_TASK STATEMENT_
Every line of the data below is to be given again as it appears, with the images removed.

_DATA BLOCK_
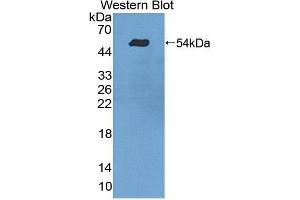 Image no. 1 for anti-Tyrosyl-DNA Phosphodiesterase 1 (TDP1) (AA 4-215) antibody (ABIN5014489)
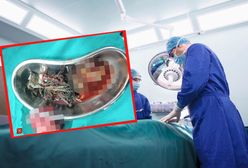 Bolał go brzuch. Lekarze osłupieli. Znaleźli 60 przedmiotów w mężczyźnie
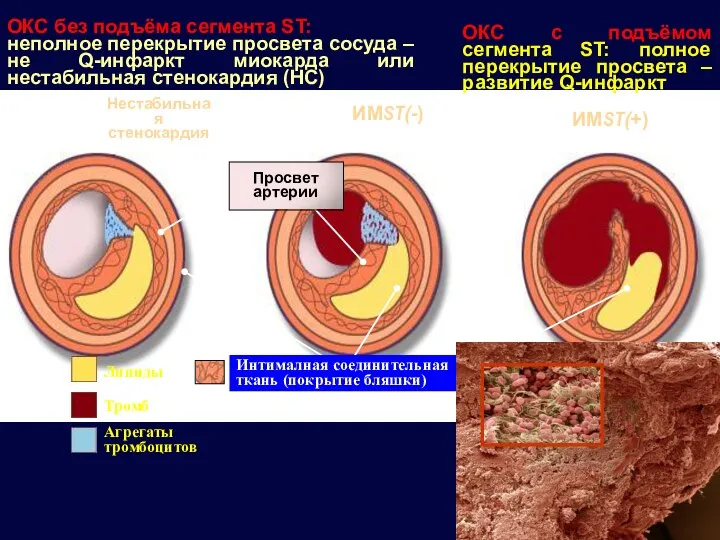 ИМST(-) Нестабильная стенокардия Липиды Тромб Агрегаты тромбоцитов Просвет артерии ИМST(+) Интималная соединительная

_YOUR RESPONSE_
 Image no. 1 for anti-Tyrosyl-DNA Phosphodiesterase 1 (TDP1) (AA 4-215) antibody (ABIN5014489)
 Bolał go brzuch. Lekarze osłupieli. Znaleźli 60 przedmiotów w mężczyźnie
 ИМST(-) Нестабильная стенокардия Липиды Тромб Агрегаты тромбоцитов Просвет артерии ИМST(+) Интималная соединительная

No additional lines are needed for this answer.